Tantôt, Eaven m’a effrayé. Je dis cela de façon littéraire mais je l’entends de manière concrète. Il a toujours les yeux vitreux. Ce soir, en plus des gants de boxe, il portait des lunettes qu’inquiétaient une buée peu favorable à la dispute du combat.
- Oui, je commence vers sept heures et demie le matin, mais en général je prends un peu d’avance pour arriver au bureau avant les autres.

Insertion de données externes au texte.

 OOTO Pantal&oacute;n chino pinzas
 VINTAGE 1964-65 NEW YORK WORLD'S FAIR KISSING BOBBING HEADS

C’était sa réaction à cette remarque que je venais de faire sans espièglerie au sujet d’Orrestin:
- Sais-tu que je l’ai croisé un soir devant la gare de Fribourg? Eh bien, il était costumé et cravaté et comme je lui demandais ce qu’il faisait là, à dix-neuf heures passées, il m’a expliqué qu’il retournait travailler et profitait de la pause pour acheter du chewing-gum.
- Oui, me dit Eaven, lui c’est autre chose, il vend des assurances et lorsqu’il tient un client, cela peut durer des heures, il ne le lâche plus.
Cependant, nous boxions face à de grands miroirs au milieu de dix-huit élèves et Eaven ajouta:
- Moi, je ne travaille pas plus de huit à neuf heures par jour.
A quoi je n’ai pas eu le courage de lui dire ma journée et son merveilleux vide interstellaire.